Once the issue of equal pay was raised, she said, the tone was bound to change.
"When a woman rises to a top job formerly held by men, there's a concern about whether she is not only being given the title, but also the pay and the responsibility which is similar to what a man in that position has received," she said. "Management has to be very cautious and sensitive to the fact that women and minorities are very concerned about these issues and need to think about this in advance."
The Times's Murphy said, "The Times was well aware that this was going to be a big story because of Jill's prominence, although we weren't prepared to have to respond to leaked salary information that implied this is about gender pay equity."
Of course, not all of the missteps were on the company's side. Abramson also made mistakes, management experts said. Among them:
8. Watch your back with a prominent and popular No. 2.

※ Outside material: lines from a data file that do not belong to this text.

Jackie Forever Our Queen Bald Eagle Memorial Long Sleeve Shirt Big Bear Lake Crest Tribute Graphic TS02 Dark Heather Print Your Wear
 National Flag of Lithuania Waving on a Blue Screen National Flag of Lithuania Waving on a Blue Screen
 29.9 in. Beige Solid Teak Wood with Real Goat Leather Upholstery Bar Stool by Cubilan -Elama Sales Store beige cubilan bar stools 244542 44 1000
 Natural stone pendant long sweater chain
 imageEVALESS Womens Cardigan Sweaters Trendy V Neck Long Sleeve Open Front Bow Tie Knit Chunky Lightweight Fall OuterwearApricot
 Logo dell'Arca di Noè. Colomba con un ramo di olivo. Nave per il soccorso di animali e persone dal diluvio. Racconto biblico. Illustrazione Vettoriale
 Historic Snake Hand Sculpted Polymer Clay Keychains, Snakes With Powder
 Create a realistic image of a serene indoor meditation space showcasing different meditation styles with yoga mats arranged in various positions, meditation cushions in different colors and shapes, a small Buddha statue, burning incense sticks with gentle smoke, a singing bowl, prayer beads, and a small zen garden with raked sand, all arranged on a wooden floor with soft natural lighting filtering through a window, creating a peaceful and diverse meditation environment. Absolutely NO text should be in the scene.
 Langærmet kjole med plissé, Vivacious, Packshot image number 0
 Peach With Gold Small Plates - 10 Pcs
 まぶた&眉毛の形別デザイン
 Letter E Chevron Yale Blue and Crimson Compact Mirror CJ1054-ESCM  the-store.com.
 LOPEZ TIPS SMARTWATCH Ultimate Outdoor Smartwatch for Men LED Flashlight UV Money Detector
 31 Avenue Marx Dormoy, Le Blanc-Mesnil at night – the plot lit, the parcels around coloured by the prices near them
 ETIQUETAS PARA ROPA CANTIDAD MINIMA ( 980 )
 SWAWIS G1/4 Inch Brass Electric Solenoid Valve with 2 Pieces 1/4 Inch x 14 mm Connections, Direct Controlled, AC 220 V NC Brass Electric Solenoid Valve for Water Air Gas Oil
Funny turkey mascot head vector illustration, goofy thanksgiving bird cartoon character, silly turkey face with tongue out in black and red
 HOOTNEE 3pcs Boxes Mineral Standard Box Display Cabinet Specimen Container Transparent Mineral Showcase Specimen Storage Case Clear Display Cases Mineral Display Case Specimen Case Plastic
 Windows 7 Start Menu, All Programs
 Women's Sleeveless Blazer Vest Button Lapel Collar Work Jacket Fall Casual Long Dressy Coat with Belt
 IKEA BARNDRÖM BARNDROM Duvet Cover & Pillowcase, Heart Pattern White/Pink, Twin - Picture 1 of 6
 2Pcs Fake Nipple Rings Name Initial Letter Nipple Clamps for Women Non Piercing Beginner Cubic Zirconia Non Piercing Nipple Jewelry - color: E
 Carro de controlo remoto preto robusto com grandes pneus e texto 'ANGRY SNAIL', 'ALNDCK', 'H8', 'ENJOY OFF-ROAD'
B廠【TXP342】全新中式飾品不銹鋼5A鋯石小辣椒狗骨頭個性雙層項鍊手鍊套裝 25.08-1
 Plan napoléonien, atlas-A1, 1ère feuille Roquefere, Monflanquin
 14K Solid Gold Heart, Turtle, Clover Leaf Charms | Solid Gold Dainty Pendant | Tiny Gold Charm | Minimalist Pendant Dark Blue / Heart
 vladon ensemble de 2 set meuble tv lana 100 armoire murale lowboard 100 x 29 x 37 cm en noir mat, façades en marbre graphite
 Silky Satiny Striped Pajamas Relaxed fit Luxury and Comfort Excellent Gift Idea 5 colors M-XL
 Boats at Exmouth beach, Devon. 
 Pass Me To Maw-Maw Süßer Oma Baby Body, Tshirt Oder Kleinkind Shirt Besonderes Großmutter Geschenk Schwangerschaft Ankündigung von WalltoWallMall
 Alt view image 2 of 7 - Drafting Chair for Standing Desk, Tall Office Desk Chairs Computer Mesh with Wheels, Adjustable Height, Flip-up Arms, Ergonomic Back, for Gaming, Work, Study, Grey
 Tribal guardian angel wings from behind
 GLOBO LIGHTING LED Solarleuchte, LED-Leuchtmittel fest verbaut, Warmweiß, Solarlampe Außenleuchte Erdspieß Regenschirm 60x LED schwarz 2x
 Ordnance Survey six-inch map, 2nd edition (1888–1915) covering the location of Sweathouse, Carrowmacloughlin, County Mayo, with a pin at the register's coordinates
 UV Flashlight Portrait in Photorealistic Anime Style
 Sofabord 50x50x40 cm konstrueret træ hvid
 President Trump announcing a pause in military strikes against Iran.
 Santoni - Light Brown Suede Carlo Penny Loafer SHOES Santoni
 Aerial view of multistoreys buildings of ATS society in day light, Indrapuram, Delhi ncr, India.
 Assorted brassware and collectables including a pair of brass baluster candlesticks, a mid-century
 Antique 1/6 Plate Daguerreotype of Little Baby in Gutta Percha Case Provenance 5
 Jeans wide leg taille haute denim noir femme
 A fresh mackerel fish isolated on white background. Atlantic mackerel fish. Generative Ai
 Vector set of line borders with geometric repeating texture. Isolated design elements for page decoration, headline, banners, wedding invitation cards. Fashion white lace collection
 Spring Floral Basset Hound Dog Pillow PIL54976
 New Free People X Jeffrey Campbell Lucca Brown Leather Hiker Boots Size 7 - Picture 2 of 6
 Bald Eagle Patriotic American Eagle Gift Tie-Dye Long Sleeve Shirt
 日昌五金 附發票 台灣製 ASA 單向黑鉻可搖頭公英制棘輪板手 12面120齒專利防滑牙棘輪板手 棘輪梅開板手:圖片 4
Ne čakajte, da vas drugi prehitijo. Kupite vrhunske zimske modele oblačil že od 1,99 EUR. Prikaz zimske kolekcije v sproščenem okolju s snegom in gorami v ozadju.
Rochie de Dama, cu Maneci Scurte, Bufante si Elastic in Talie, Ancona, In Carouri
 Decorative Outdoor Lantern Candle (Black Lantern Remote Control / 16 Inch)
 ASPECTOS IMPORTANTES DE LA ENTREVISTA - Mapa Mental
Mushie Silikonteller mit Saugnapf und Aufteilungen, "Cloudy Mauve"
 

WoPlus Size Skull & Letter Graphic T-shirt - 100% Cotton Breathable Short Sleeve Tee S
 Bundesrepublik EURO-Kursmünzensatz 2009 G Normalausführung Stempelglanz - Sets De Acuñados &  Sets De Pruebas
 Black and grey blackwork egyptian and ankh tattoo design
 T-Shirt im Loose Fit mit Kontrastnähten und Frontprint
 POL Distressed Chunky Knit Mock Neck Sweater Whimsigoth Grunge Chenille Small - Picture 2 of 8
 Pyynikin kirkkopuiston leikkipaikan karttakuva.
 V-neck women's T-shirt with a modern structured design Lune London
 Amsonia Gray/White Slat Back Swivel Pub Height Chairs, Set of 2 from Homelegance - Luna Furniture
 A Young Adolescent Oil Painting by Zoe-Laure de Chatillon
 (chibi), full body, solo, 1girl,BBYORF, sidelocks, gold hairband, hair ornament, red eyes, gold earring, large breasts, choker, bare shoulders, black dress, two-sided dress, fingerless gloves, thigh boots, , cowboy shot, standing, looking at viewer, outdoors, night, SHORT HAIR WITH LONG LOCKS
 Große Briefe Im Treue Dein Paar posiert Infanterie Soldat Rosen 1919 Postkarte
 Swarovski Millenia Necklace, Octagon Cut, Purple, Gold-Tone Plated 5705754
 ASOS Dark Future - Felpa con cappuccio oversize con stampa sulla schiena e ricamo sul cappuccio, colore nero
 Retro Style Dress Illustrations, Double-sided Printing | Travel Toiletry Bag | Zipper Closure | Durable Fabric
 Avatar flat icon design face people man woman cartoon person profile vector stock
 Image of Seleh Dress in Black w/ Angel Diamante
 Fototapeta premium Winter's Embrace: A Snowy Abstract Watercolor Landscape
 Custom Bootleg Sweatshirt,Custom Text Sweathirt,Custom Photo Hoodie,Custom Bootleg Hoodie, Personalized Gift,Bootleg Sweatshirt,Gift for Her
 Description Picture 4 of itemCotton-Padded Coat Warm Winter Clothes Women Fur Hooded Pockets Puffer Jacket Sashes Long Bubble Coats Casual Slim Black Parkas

Dean Baquet, who had been managing editor under Abramson, made little secret of his strains with Abramson and, according to several reports, threatened to quit after learning Abramson planned to bring in another editor with the same title as he held.
"If there's something toxic going on, someone may have to go in order to keep the other person who's deemed more valuable," said Peter Crist, chairman of Crist/Kolder Associates. "It's painful, but that's what directors and CEOs get paid to do."